Fig 418.—Adapted from the Salisbury Chapter Seal. From The Cross: Christian and Pagan (Brock, M.).
That Billing and the Ingles were connected with Barkshire, the county of the Vale of the White Horse or Brok, is implied by place-names such as Billingbare by Inglemeer Pond in the East, by Inkpen Beacon—originally Ingepenne or Hingepenne—in the South, and by Inglesham near Fearnham and Farringdon in the West.
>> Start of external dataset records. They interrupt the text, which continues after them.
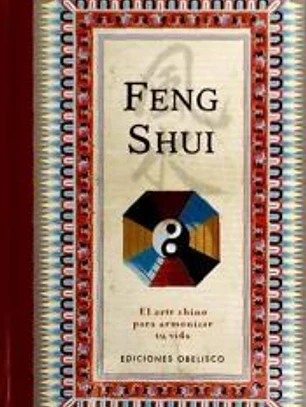 Feng shui : el arte chino para armonizar tu vida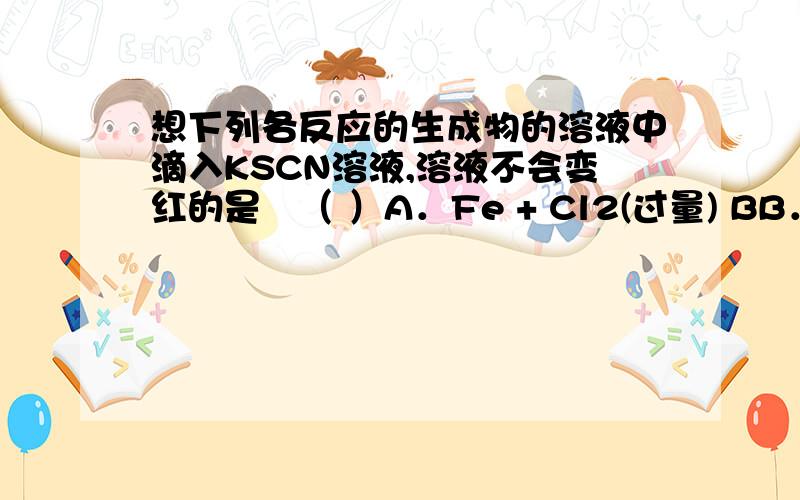 想下列各反应的生成物的溶液中滴入KSCN溶液,溶液不会变红的是​（ ）A．Fe + Cl2(过量) BB．HNO3(稀) + Fe(过量) C.Fe(OH)3+HCl（过量） D．FeO + HNO3(稀、过量)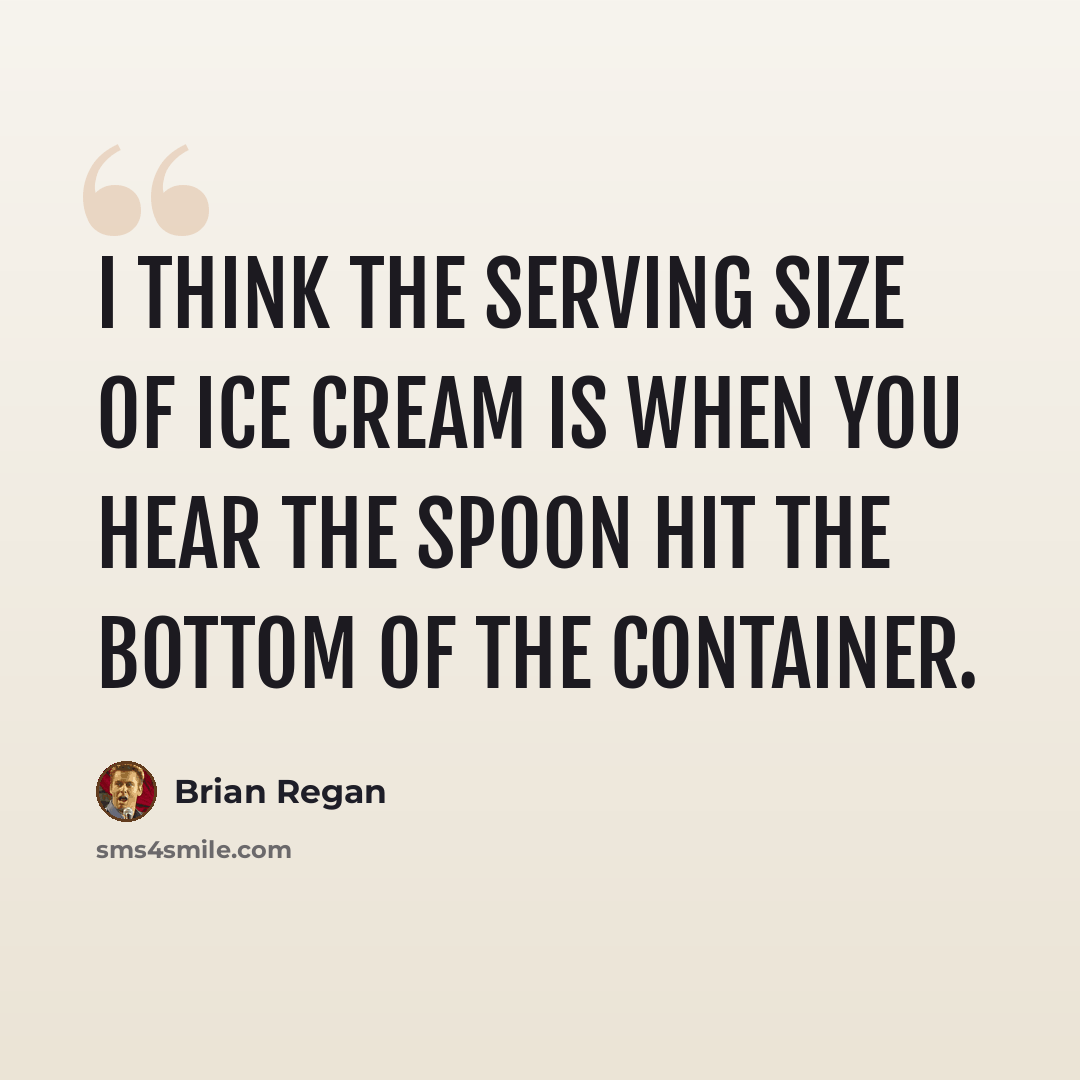 “I think the serving size of ice cream is when you hear the spoon hit the bottom of the container.” quote by Brian Regan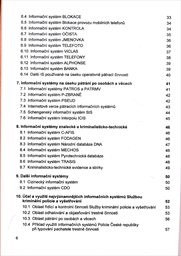 Přehled informačn&iacute;ch syst&eacute;mů využ&iacute;van&yacute;ch službou krimin&aacute;ln&iacute; policie a vyšetřov&aacute;n&iacute; Policie Česk&eacute; republiky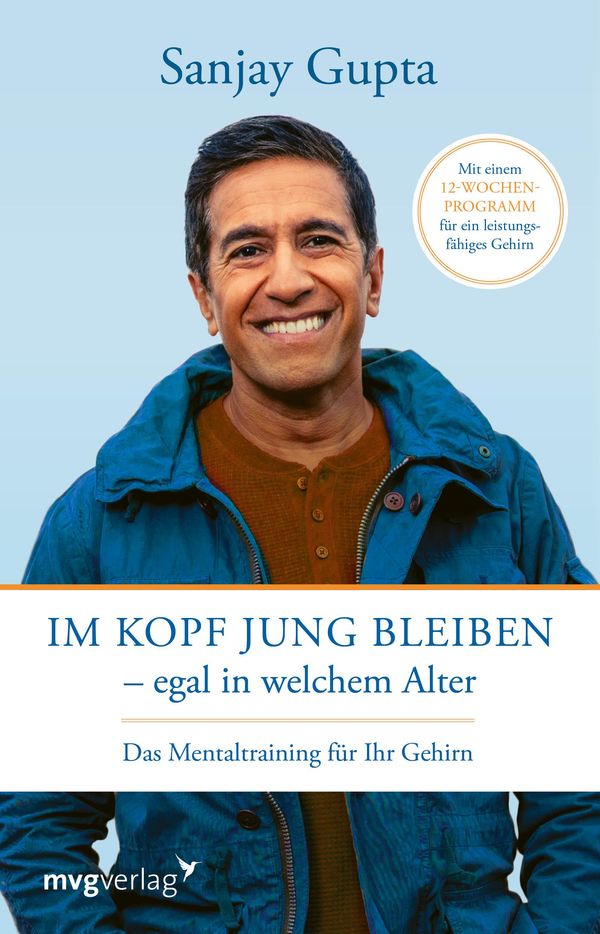 Im Kopf jung bleiben - egal in welchem Alter - Sanjay Gupta (Buch)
Near Inglemeer is Shinfield and slightly westward is Sunning, which must once have been a place of uncanny sanctity for “it is amazing that so inconsiderable a village should have been the See of eight Bishops translated afterwards to Sherborn and at last to Salisbury.”[763] The seal of Salisbury represents the Maiden of the Sun and Moon, and it is probable that the place-name Maidenhead, originally Madenheith, near Marlow (Domesday Merlawe—Mary low or hill?) did not, as Skeat so aggressively assumes, mean a hythe or landing place for maidens, but Maidenheath, a heath or mead sacred to the braw Maiden.
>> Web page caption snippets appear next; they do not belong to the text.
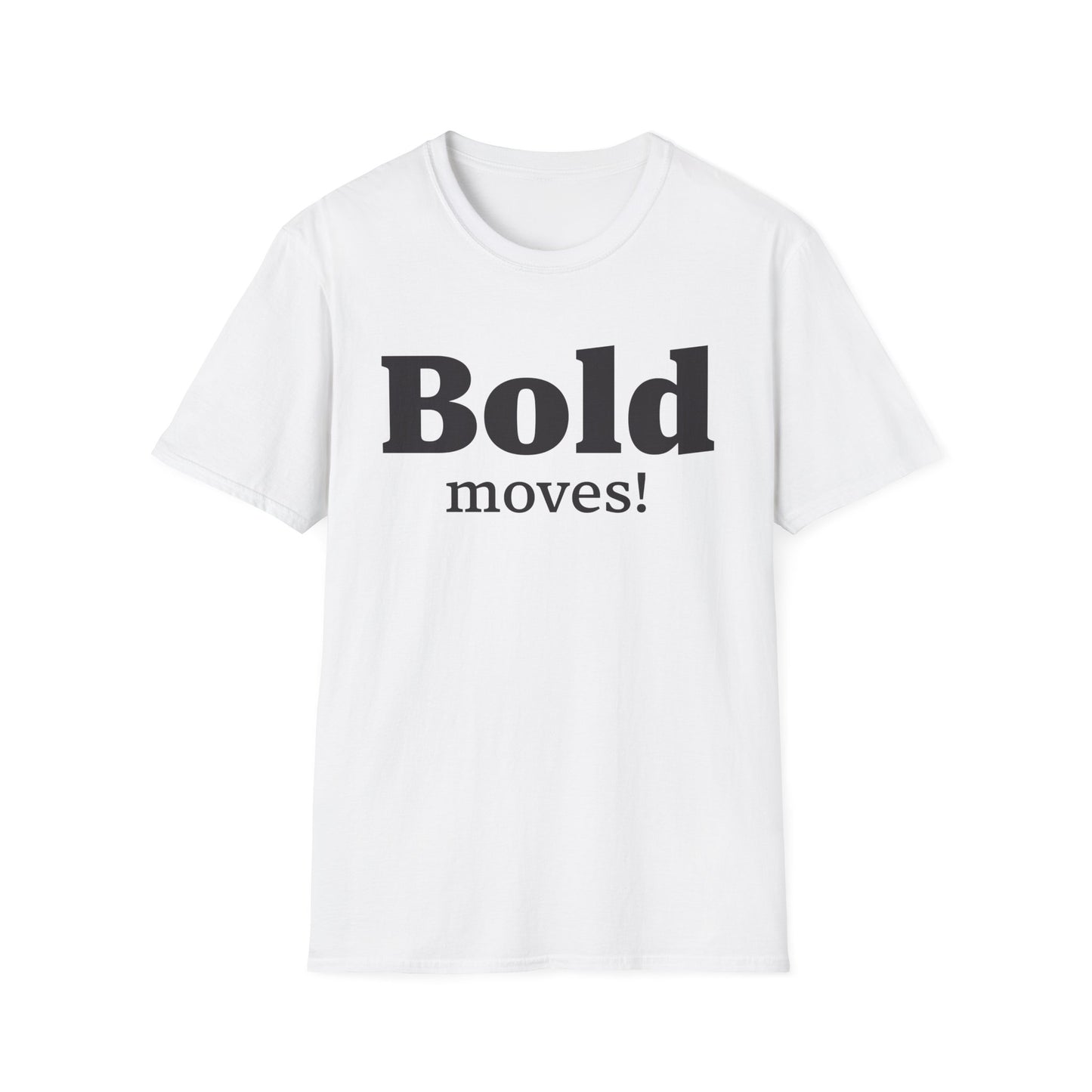 Bold Moves T-Shirt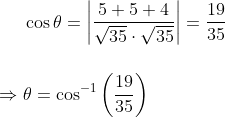 \cos \theta = \left | \frac{5 + 5 + 4}{\sqrt {35}\cdot \sqrt{35}} \right | = \frac{19}{35} \\ \\ \\ \Rightarrow \theta = \cos^{-1}\left(\frac{19}{35} \right )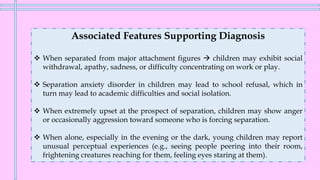 Associated Features Supporting Diagnosis
❖ When separated from major attachment figures → children may exhibit social
withdrawal, apathy, sadness, or difficulty concentrating on work or play.
❖ Separation anxiety disorder in children may lead to school refusal, which in
turn may lead to academic difficulties and social isolation.
❖ When extremely upset at the prospect of separation, children may show anger
or occasionally aggression toward someone who is forcing separation.
❖ When alone, especially in the evening or the dark, young children may report
unusual perceptual experiences (e.g., seeing people peering into their room,
frightening creatures reaching for them, feeling eyes staring at them).
 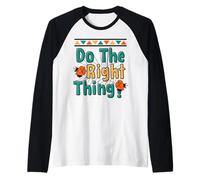 ¡Haz lo Correcto, Haz lo Correcto! Camiseta Manga Raglan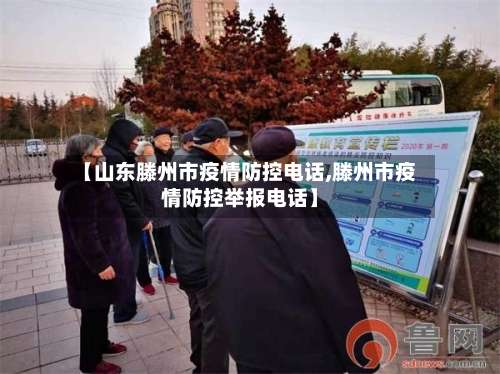 【山东滕州市疫情防控电话,滕州市疫情防控举报电话】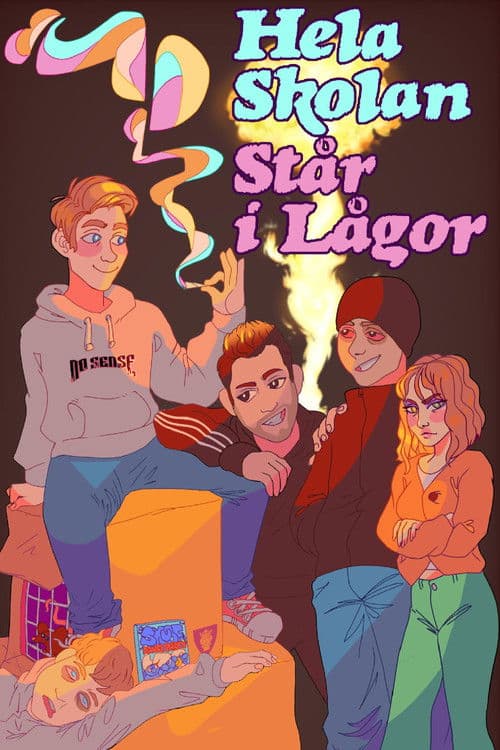 Hela Skolan Står i Lågorのポスター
With the Farens and the Varenians may be connoted the Cornish village of Trevarren or the abode of Varren: this is in the parish of St. Columb, where Columba the Dove is commemorated not as a man but as a Virgin Martyr. Many, if not all, Cornish villages had their so-called “Sentry field” and the Broad Sanctuary at St. Margaret’s, Westminster, no doubt marks the site of some such sanctuary or city of refuge as will be considered in a following chapter. That St. Margaret the Meek or Long Meg was the Bride of the adjacent St. Peter is a reasonable inference, and it is probable that “Broad Sanctuary” was originally hers. According to The Golden Legend: “Margaret is Maid of a precious gem or ouche[764] that is named a Margaret. So the blessed Margaret was white by virginity, little by humility, and virtuous by operation. The virtue of this stone is said to be against effusion of blood, against passion of the heart, and to comfortation of the spirit.” I am unable to trace any immediate connection between St. Margaret and the Dove, but an original relation is implied by the epithets which are bestowed by the Gaels to St. Columbkille of Iona who is entitled “The Precious Gem,” “The Royal Bright Star,” “The Meek,” “The Wise,” and “The Divine Branch who was in the yoke of the Pure Mysteries of God”. These are titles older than the worthy monk whose biography was written by Adamnan: they belong to the archetypal Columba or Culver. There is a river Columb in Devonshire upon which stands the town of Cullompton: in Kent is Reculver once a Royal town of which “the root is unknown, but the present form has been influenced by old English culfre, culfer, a culver-dove or wood-pigeon”.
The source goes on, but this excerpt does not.